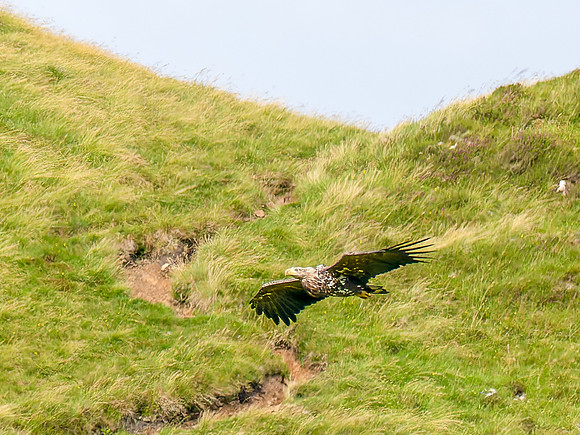 Low Fly-by
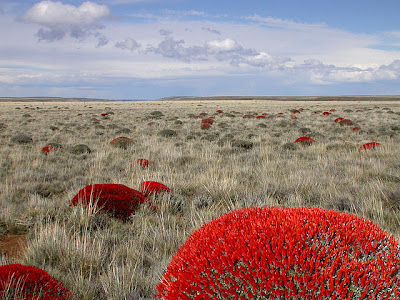 Mata guanaco Anarthrophyllum desideratum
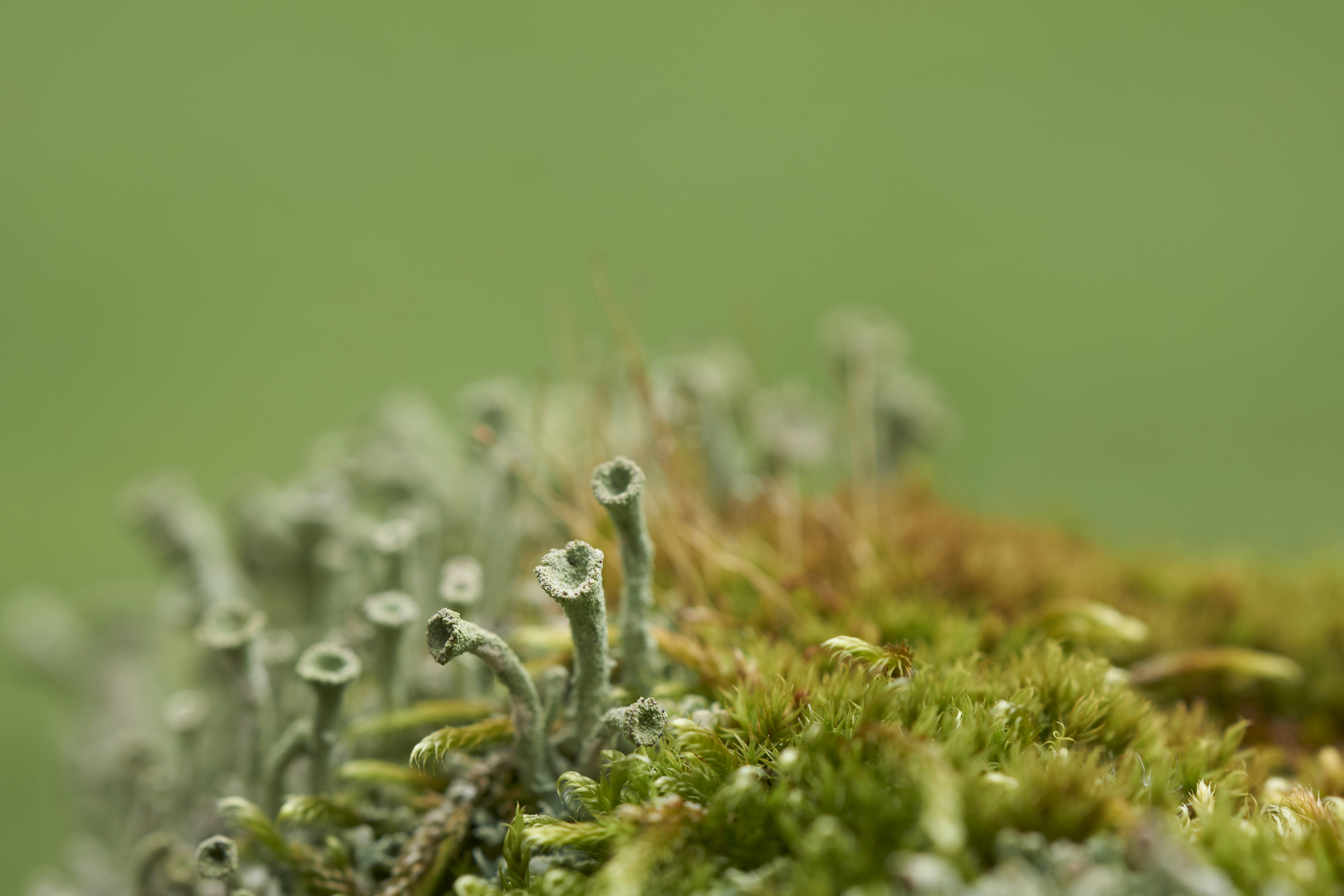 Photo by wolfgang_hasselmann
..............................
### TRY IT
Skip the pictures and write out exactly the lines from the line containing "Mata guanaco Anarthrophyllum desideratum" through the end of the listing above.

### REPLY
 Mata guanaco Anarthrophyllum desideratum
 Photo by wolfgang_hasselmann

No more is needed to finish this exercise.